One important side of classical music which follows the whole tradition until the 20th century and longer, is the connection to folk music. The melodies and the rhythmical sides of folk music have gone into the «educated» tradition, and many composed melodies, simple or complicated, has been developed from here.

Carl Nielsen is one composer I feel is frequently performed too dry, except for a few pieces. He is harmonically interesting, of course, but not only that, he is also a guy from the countryside, one who sets the landscape to music, he is also a national romantic. One should of course not abandon the «academic» sides of Nielsen, on the contrary, but the roots of folk music and indeed the sound of Nielsen, his life in Denmark, the country itself, is so much present, not only in the simple melodies, they go on long into the more complicated passages. One should not lose the feeling of walking on the ground, actually Danish ground, a point that is hard to miss for a Norwegian who are, like most others, steeped in the clichés of how to play Grieg.

He, and the rest of our national romantics, could do with some new ideas to describe their music, other than inspiration and description of mountains on the west coast, like any tourist is totally fascinated by. Well, the mountains are fabulous, and so is Grieg, but when you live a lifetime in the closeness of mountains you do other things too than just admire them, even if that is also part of life.

I mean, Grieg’s nature idiom contains stories about other things (yey) and his music also goes other places than Hurrungane – also, yes, it also goes to those mountains, but what happens there? is also the question.

Sigurd Slåttebrekk put completely new colours into Grieg with his «authentic interpretation» project some years ago, and I’ve heard others do really interesting things. I am not quite updated, but I feel that the idea of going to folk roots maybe especially for melody and sound could be a good one for more composers than Nielsen – but that we up here, in Norway, quite simply, as is pretty common – has the opposite position and need the opposite thing. The nature kids need to think, differently, move out of the idea of nature for a little while, and the Danes need to go to their grass roots, maybe, to make contact with their own ground, or whatever Nielsen is into.

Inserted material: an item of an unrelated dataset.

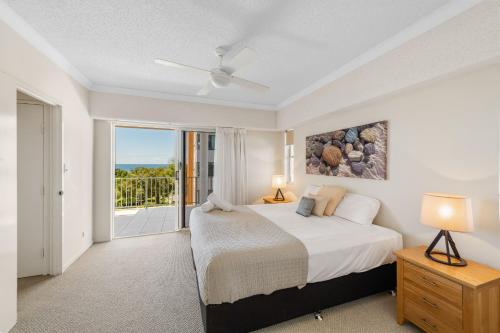 a white bedroom with a bed and a balcony at Ocean View 3 bedroom Apartment in Mudjimba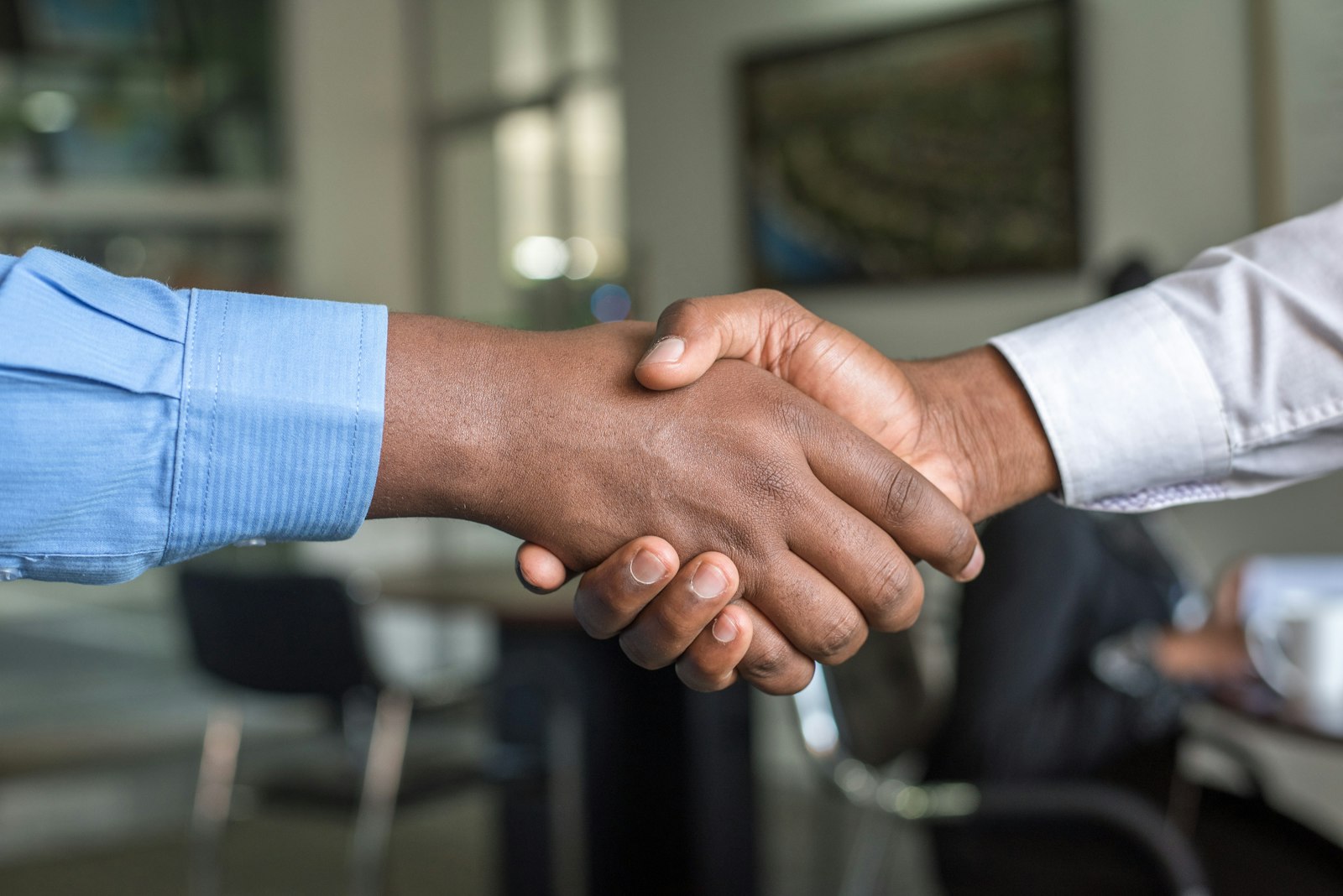 Advocate and client shaking hands in a meeting room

I also read once a quote from him saying something like «if a man pushed his back towards an iceberg…» – in discussing some of his own music, I think. Well, there are no concrete icebergs where we live, but the idea of North is and was of course always a thing in the South, and there are and were mental and artistic icebergs to be experienced. The history of Denmark and Norway is intertwined in many ways , and we should never stop listening to each other and give each other new ideas.